§ **Task description**:
In the material below, the lines between the one holding "黄磊赚钱养家 孙莉全职妈妈 月均消费20万 节俭程度让网友点赞" and the one holding "Muay Việt Nam khẳng định vị thế mới", inclusive, are to be set down word for word. Pictures stay out.

§ **Supplied entries**:
--

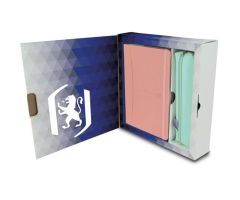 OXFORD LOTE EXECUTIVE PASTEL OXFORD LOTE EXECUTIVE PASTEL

--

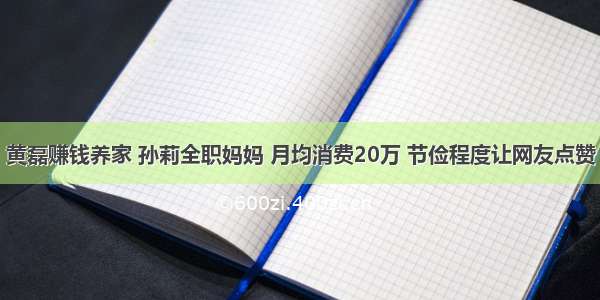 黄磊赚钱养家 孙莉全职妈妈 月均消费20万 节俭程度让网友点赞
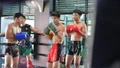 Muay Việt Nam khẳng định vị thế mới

--

§ **Exercise answer**:
 黄磊赚钱养家 孙莉全职妈妈 月均消费20万 节俭程度让网友点赞
 Muay Việt Nam khẳng định vị thế mới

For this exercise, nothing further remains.